I accumulate 8 hours/month, so that's 12 days/year.
We get a couple of federal holidays, 2 personal days, 2 floating holidays, vacation time and sick time. For vacation, we get two weeks for the first full year you work, then 3 weeks starting the January 1st following your one year anniversary, and 4 weeks starting the January 1st following your two year anniversary. (During the first full year it's one week per six months, and then in the period between the first full year and the next January 1st, it's one day per month). For sick time, we get .5 days per completed month for the first 12 months, then .833 per completed month for the second year. After the second full year, you get 10 sick days on January 1.
My IT department is not reading the email I'm sending. OFF != ON
We get vacation and sick in equal measures, plus nine fixed holidays. I think the vacation has a cap at which it stops rolling over (but it is way up there,) but not sick. You can only cash out vacation. Noncontact employees here get 5 weeks/year each of sick and vacation, AND tiaacref, and their vacation rollover cap doesn't start until something ridiculous like 9 months worth of vacation time. It's taken me years to get over the bitter.

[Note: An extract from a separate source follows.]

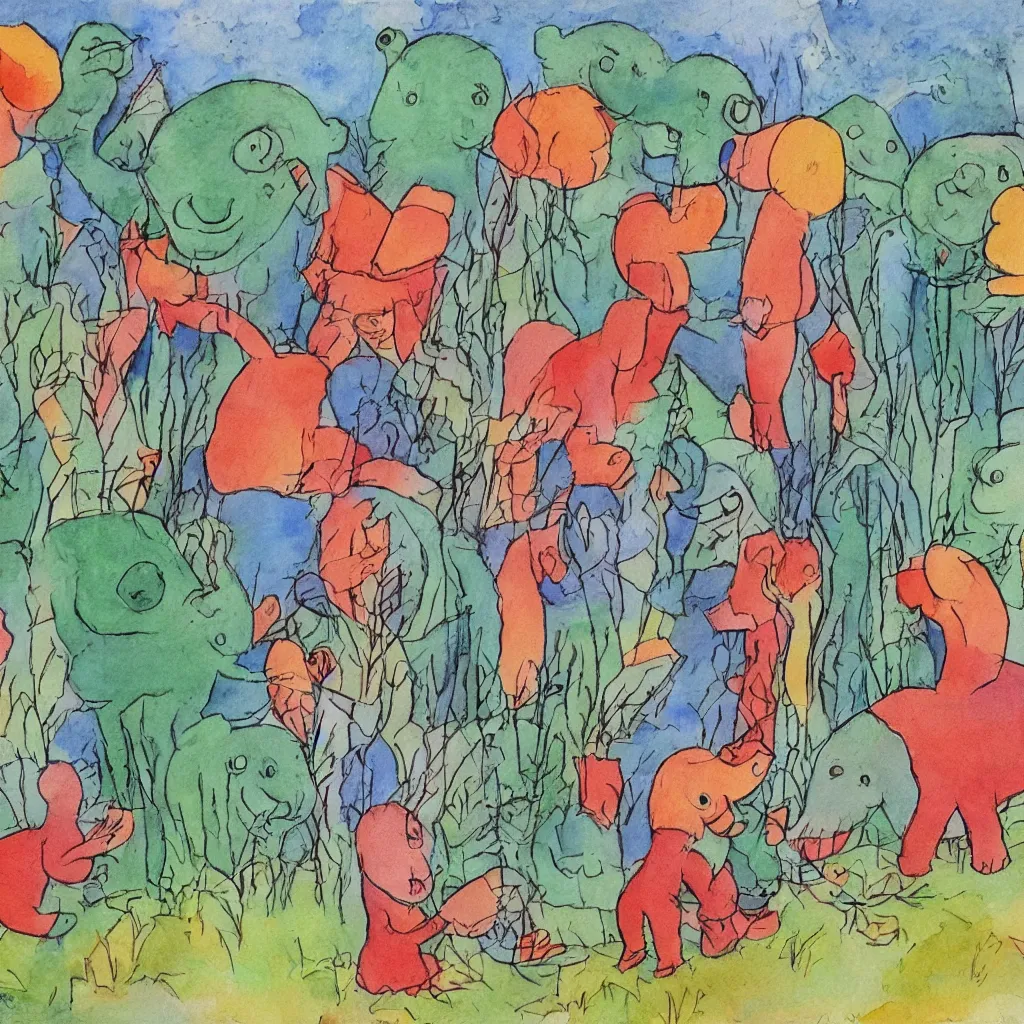 Image similar to babar discovers fire outsider art children's illustration watercolor painting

I get 20 days/160 hours PTO, to be used for sick or vacation time as I see fit, plus short- and long-term disability. It's up to the individual groups to determine if they want to count PTO by hours or by half-days or by days. I can only carry over 5 PTO days per year, but I always do. I'm hoping to exploit my bank of PTO days for the move. The amount of PTO you receive increases the longer you work here, obviously.
We only get the 6 major holidays, though. New Year's, Memorial Day, Independence Day, Labor Day, Thanksgiving, and Christmas.
You can probably mock up some form that will let us do that, right?
Possibly. HR is a skeleton crew right now.
How much sick time to folks get per year?
I accumulate something like 1.9 hours a pay period or something. You max out at a certain point.
Things are different for non-exempts, though, so I don't know how my time compares with lori's.
We get 6 national holidays, plus 5 personal holidays (which have to be used by year end each year), plus 2 weeks of vacation after the first year, you increase up to 4 weeks of vacation after 15 years (so I end up with 5 weeks of vacation total each year). Vacation rolls over to a 2.5 times cap (and then you and your supervisor get a talkin' to). We get 6 sick days per year which roll over until they cap at something like 260 hours. I think right now I've got 200 sick hours and 85 vacation hours. The only time you see any cash for these is if you leave the company and then it's only unused vacation time.
There was a whole article in Readers Digest this month about government workers who retire and cash out their accrued time. Some of it was twice what they yearly salaries were.
That's under the old system. We get 13 days of sick leave and 13 days of annual leave (vacation) each year at the start. The annual leave increases over time until, after 15 years, you start earning 26 days of annual leave a year. You can carry over 30 days of annual leave and unlimited sick leave.
The retirement plan changed -- around 1985, I think. (I started in 1988, and I'm under the new plan.) Under the old plan, you could add unused sick leave to your seniority when you retired. So you could easily get credited for another year or two that way. But under the new plan, you can't do that.
BTW, you can cash in your annual leave under either plan, but the absolute max you could ever cash in would be 56 days, or just over 11 weeks. Which is a nice send-off, but not 2 years worth.